Inside the garage was a clasic volvo which had to go

So basically the following has been done so far:

garage cleaned out 
pitch roof installed
brick work

interior electrics all done
9" extractor fan
2x 6ft twin flo tubes
alarm system 
new roller shutter
painting

still more to do


















indoor


















outdoor


----------



## Auto-Etc (Sep 17, 2008)

Looks loads better already - that was lot of tyres must be a big space??


----------



## moh (Jul 20, 2008)

Inside it's 13ft wide and 25ft long


----------



## moh (Jul 20, 2008)

Update

Electrics almost in 
Floor almost leveled
Pit done

Floor to go in soon


----------



## Steve valentine (Aug 7, 2010)

I'd love a garage that big, reckon mine is 8 foot by 12 :lol:


----------



## sunilbass (Apr 23, 2009)

where did you get that door from pal? im after one for my garage build

ps looking good! keep them updates coming!


----------



## ryand (Jul 18, 2008)

Nice one, great space, jealous!


----------



## moh (Jul 20, 2008)

Sunilbass

The shutter is the new type aluminium double skinned with cavity in between, they are very strong and used via remote control, maintenance free to and very quiet that shutter cost £700 fitted if your interested il get you the chaps number 

Thanks guys


----------



## moshinho (Nov 4, 2009)

Nice place


----------



## moh (Jul 20, 2008)

Shelves fitted
alarm fitted
all electrics fitted

Just flooring to go in and stock everything in


----------



## Mirror Finish Details (Aug 21, 2008)

Nice space.


----------



## 888-Dave (Jul 30, 2010)

Cracking progress buddy, I'm currently doing mine, shall try and get some pics up soon. What are you doing with the floor its just I bought some floor paint from ebay (super amourcoat) yer right :wall: its rubbish! all peeling off already. should have listened to myself "you get what you pay for" :lol:


----------



## moh (Jul 20, 2008)

888-Dave said:


> Cracking progress buddy, I'm currently doing mine, shall try and get some pics up soon. What are you doing with the floor its just I bought some floor paint from ebay (super amourcoat) yer right :wall: its rubbish! all peeling off already. should have listened to myself "you get what you pay for" :lol:


Thanks mate

The flooring will be blue rubber/vinyl industrial flooring which i got from a member on here and cost me only £20 for 26 sq Mtrs which is perfect for the space. Its going to be better than floor paint i guess


----------



## rover214 (Feb 17, 2010)

Nice space.


----------



## ryand (Jul 18, 2008)

Spot on, and a radiator to keep warm, nice!!


----------



## [email protected] (Jan 28, 2009)

very jealous mate mine still full of crap since I got the kitchen done and now I am doing the lounge... :lol: :wall:


----------



## 888-Dave (Jul 30, 2010)

moh said:


> Thanks mate
> 
> The flooring will be blue rubber/vinyl industrial flooring which i got from a member on here and cost me only £20 for 26 sq Mtrs which is perfect for the space. Its going to be better than floor paint i guess


I did have a look at rubber/vinyl flooring but couldn't find it anywhere near that cheap :doublesho I need about 600/700 sq ft of though. can you remember who it was that sold it to you? or if anyone readig this can point me in a good direction TIA :thumb:


----------



## mikeyc_123 (Sep 22, 2008)

I would love a garage that width.. my garage is 23 foot long but so narrow (and has a post on the left side) that I have to pull the drivers side wingmirror in and park up against the wall then hop out on the passenger side!

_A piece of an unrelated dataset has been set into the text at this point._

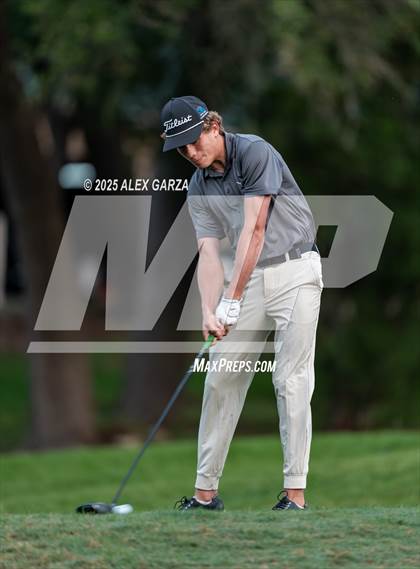 Thumbnail 2 in UIL Golf 1A Boys Final (Round 1) photogallery.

Cant wait to see the finish pics


----------



## TheGooner84 (Jun 29, 2010)

as everyone else i would love a garage that big.

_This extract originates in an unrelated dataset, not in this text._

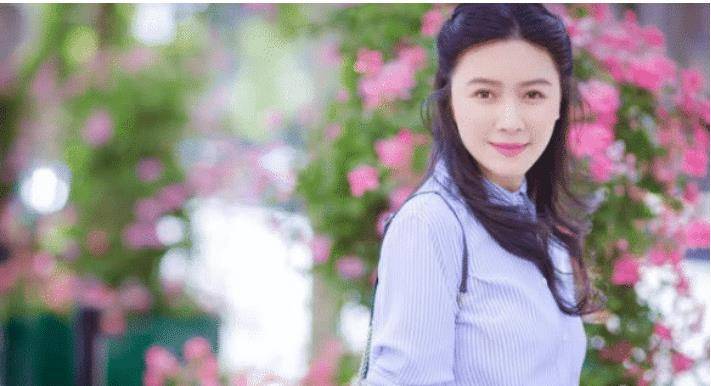 原创她事业巅峰意外怀孕,丈夫是谁至今未知,女儿12岁长相浮现生父基因 原创她事业巅峰意外怀孕,丈夫是谁至今未知,女儿12岁长相浮现生父基因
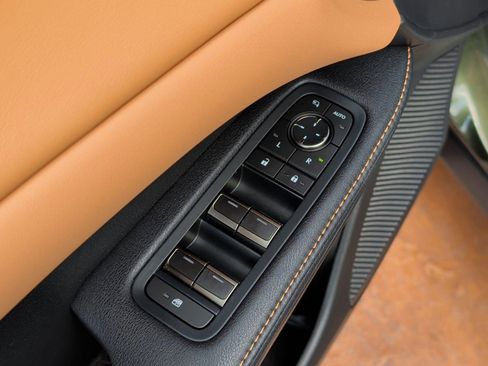 Certified 2025 Lexus RX 350 Premium image 9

what are the regs regarding the pit ? i thought they were a nono now


----------



## Andy. (Apr 11, 2010)

Stunning transformation, your well on your way to having an excellent spot to work in. :thumb:


----------



## liam99 (Dec 29, 2009)

Nice space.


----------



## Phil H (May 14, 2006)

very nice indeed! any updates on this?


----------



## Ducky (Mar 19, 2007)

Ditto, any finished pictures? Looks like an awesome space you have there. :thumb:


----------



## Derick-sport (Nov 15, 2010)

good man looks lovely


----------



## james_death (Aug 9, 2010)

Welldone shame about the volvo.


----------